Son escasos los conciertos que uno quiere que se hagan eternos. Son esos mismos los que uno desearía que pudieran ser revisitados con la posibilidad de rebobinarlos una y otra vez, para disfrutarlos reiteradamente.
Resulta una grata sensación que, en ese tipo de recitales, los ojos intenten moverse como los de un camaleón para no perderse ni un solo detalle en tarima; para ver simultáneamente a la sección de vientos, la percusión incesante, a cada uno de los dedos que se desliza por el piano o a los arcos que acarician cada cuerda.
Da todavía más gusto que en un espectáculo musical de este calibre, los oídos se despierten y se abran como antenas parabólicas con la intención de percibir y recibir de cerca cada nota y silencio que se produzca en el entorno para disfrutar sin interrupciones.
Son contadas las citas musicales en las que el parámetro con el que se mide el disfrute es incapaz de encontrar puntos bajos, sino que la barra se mueve únicamente de los puntos altos a los altísimos.
Cuando un concierto logra despertar cada fibra en el oyente es gracias a la confabulación entre la música, los músicos y la musicalidad.
Éditus, el Sexteto de Jazz Latino y la Orquesta Sinfónica Nacional demostraron que no es imposible lograr un recital con todos estos descriptivos.
¡Qué concierto!
En un repertorio compuesto en su mayoría por obras de Edín Solís y Walter Flores, el ensamble repasó ritmos tan distintos que resulta injusto reducir la descripción de la noche a latin jazz .
Más bien uno de los mayores lujos de la reunión fue la versatilidad desplegada en cerca de dos horas de música, permitiendo al oído viajar por diversos paisajes que contaban con la hermosura como denominador común.
En las manos de estos músicos hubo una perfecta simbiosis entre lo bailable y lo sinfónico, lo trepidante y lo emotivo, lo delicado y lo potente.
La amalgama entre la Orquesta y los ocho músicos protagonistas fue indisoluble, con una interpretación que le hizo los honores a cada composición.
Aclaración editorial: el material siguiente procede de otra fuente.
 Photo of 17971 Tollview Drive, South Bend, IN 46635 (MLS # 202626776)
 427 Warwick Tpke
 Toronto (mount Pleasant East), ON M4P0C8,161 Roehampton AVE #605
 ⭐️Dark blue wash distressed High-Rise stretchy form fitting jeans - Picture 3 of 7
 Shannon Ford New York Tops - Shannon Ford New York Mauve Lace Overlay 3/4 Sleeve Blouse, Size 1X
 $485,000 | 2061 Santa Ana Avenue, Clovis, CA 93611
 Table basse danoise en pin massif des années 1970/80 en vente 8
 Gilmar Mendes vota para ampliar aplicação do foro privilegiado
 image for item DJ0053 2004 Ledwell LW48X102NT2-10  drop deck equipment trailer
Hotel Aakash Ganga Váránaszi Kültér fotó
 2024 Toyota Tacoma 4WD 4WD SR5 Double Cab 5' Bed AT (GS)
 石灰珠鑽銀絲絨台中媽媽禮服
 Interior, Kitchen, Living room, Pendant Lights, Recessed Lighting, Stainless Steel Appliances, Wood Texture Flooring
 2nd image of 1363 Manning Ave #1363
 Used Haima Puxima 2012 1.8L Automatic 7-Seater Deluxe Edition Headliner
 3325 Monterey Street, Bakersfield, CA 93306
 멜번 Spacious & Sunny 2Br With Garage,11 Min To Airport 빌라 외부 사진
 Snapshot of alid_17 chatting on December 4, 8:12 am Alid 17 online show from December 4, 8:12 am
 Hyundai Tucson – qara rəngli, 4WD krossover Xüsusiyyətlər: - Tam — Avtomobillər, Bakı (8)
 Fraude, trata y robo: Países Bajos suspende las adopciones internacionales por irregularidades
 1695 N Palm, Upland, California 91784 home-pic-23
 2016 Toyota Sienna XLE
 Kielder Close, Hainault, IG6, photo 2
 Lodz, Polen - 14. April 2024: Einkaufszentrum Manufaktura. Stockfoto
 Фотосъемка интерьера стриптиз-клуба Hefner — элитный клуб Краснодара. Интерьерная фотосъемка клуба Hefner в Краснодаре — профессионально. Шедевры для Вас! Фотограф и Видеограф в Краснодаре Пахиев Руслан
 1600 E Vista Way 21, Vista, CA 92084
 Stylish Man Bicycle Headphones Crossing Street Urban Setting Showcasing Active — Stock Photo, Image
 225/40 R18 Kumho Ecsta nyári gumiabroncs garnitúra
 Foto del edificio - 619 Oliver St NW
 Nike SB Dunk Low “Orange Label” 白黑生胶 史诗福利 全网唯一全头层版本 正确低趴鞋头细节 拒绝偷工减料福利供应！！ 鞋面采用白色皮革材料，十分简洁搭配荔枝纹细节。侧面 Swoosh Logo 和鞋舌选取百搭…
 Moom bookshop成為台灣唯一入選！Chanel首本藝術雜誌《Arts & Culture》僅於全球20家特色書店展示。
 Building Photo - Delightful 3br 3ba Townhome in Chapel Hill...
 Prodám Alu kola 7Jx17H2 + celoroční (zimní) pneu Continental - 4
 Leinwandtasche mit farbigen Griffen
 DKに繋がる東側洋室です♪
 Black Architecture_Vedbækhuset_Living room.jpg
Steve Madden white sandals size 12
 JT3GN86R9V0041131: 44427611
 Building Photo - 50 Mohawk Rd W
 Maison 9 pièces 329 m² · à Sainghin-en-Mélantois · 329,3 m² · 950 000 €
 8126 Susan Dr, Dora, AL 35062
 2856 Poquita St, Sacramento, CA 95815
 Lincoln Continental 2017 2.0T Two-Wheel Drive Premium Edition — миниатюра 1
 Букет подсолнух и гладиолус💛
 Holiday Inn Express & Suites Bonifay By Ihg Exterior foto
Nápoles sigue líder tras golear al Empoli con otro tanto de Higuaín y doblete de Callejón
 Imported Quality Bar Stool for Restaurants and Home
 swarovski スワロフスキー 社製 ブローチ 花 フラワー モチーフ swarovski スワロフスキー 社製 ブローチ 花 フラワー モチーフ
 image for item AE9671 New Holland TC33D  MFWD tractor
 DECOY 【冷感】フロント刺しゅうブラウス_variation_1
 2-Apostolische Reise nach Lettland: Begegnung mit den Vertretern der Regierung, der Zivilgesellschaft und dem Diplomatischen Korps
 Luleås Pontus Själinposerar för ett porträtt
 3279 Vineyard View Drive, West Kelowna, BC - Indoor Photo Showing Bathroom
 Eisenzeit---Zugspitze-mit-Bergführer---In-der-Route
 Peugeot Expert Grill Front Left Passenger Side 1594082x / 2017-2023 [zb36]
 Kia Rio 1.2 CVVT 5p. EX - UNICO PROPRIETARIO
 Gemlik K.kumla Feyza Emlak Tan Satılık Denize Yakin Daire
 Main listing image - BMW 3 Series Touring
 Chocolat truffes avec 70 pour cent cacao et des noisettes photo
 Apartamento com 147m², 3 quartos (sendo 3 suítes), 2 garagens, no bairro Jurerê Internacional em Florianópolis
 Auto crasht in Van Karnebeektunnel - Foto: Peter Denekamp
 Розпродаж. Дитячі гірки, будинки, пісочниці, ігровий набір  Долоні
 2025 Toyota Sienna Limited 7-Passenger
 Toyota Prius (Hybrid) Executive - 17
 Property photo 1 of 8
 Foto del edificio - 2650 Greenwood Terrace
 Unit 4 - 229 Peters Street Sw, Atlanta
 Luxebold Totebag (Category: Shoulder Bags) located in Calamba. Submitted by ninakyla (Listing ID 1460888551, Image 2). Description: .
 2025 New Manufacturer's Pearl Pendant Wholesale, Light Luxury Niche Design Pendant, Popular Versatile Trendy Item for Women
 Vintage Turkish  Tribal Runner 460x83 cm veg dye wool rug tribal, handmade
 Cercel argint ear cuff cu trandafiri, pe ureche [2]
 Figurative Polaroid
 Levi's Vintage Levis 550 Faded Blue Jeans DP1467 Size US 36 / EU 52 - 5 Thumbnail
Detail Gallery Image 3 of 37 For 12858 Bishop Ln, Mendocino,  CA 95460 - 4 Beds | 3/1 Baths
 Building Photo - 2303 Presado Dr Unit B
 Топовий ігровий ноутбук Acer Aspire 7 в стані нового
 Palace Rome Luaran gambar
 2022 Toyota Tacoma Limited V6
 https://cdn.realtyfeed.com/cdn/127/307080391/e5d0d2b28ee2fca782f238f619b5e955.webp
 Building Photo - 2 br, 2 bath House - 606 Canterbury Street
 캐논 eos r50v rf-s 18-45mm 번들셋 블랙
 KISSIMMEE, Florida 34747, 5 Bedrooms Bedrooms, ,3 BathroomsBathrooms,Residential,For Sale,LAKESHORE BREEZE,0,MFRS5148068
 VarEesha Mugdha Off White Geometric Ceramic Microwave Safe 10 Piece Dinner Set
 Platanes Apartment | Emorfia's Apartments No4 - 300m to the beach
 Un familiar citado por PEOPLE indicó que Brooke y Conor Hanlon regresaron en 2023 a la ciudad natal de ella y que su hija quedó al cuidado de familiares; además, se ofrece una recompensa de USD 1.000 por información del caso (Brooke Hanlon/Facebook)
La Sinfónica, con la dirección de Marvin Araya, se encargó de magnificar cada pasaje y aportar detalles que sumaron en emoción. El resto de instrumentistas, por su parte, integran algo así como un All Star Band. Verlos juntos de nuevo es todo un privilegio.
No se puede dejar de lado que los miembros del sexteto son maestros músicos que se conocen desde la adolescencia . La conexión que se logra entre ellos es evidente. Cada quien aporta semillas de diferente especie pero, al final, germinan todas en conjunto.
Con tales juntas, el repertorio se caracterizó por melodías que, por su intensión e intensidad, podían prestarse tanto para inaugurar como para clausurar la noche.
Paisaje abierto (de Edín Solís), Malecón (de Walter Flores), Una vez más (de Alon Yavnai) o Son de aquí (de Lalo Rojas) fueron solo algunos de los momentos más inspiradores de la cita.
El secreto del gozo también se debe a una selección de piezas cautivadoras de principio a fin. Se interpretaron temas que integran sonidos costarricenses con otros de múltiples fronteras cuyo arribo en el pentagrama resulta especial y sorpresivo.
Es una lástima que este tipo de encuentros sean esporádicos. De verdad, ojalá los conciertos así fueran eternos.